## [Exercise objective]
In the entries below, which lines run from the one with "property at 3656 Latimore Rd" through the one with "Girls: Stay up-to-date"? Repeat exactly those, both included, and no pictures.

## [Dataset extract]
┄┄┄┄┄┄
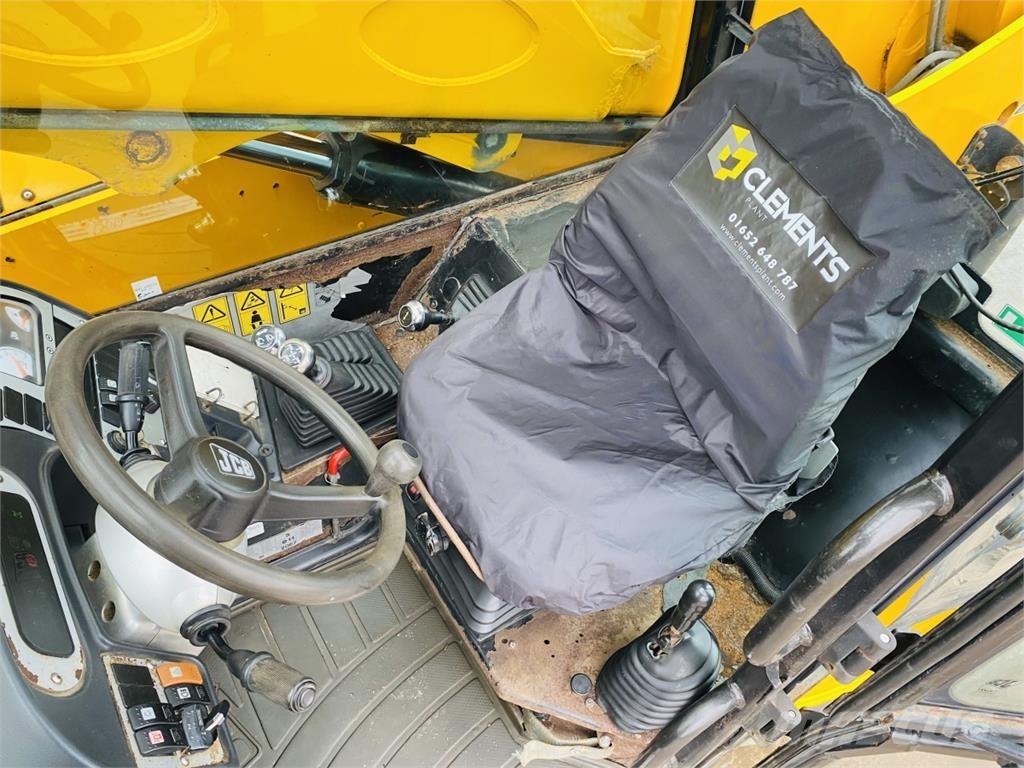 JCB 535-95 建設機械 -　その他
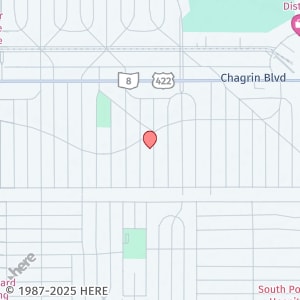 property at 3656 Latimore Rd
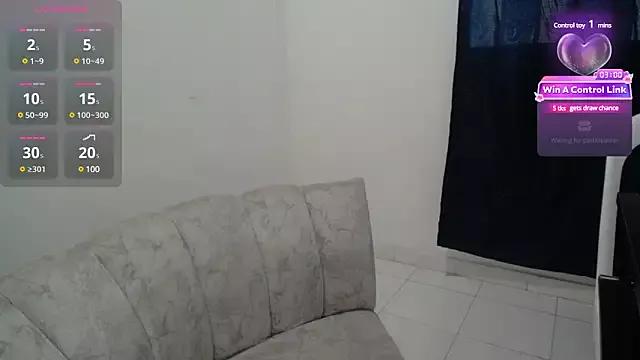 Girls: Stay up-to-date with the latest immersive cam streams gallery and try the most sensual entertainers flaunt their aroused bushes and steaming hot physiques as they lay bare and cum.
┄┄┄┄┄┄
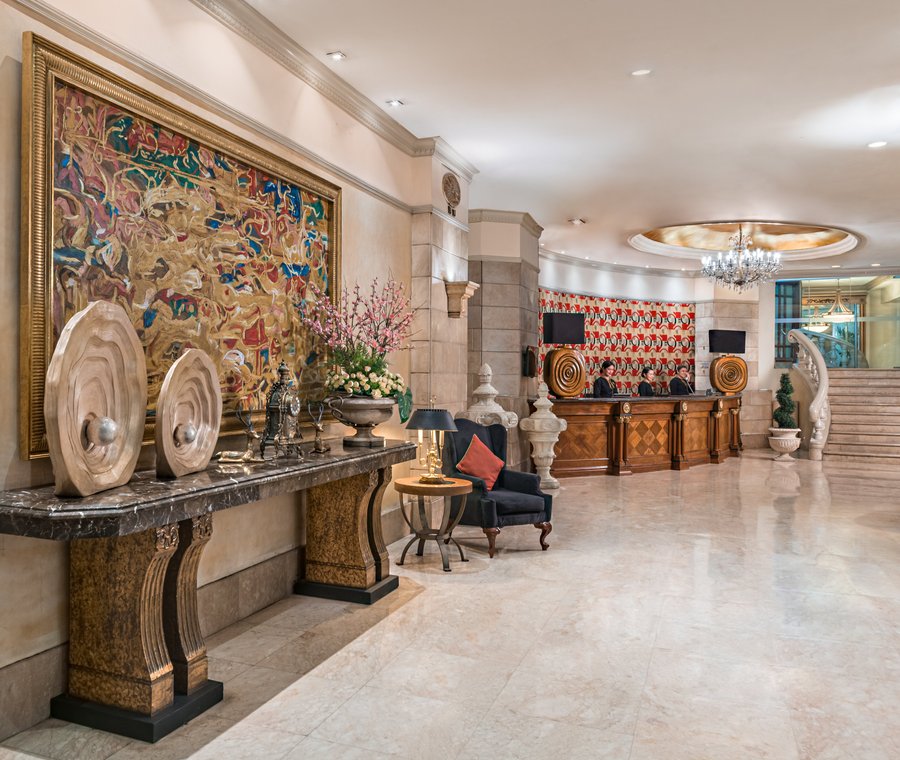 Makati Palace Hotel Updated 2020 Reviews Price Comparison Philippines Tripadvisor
┄┄┄┄┄┄
## [Answer section]
 property at 3656 Latimore Rd
 Girls: Stay up-to-date with the latest immersive cam streams gallery and try the most sensual entertainers flaunt their aroused bushes and steaming hot physiques as they lay bare and cum.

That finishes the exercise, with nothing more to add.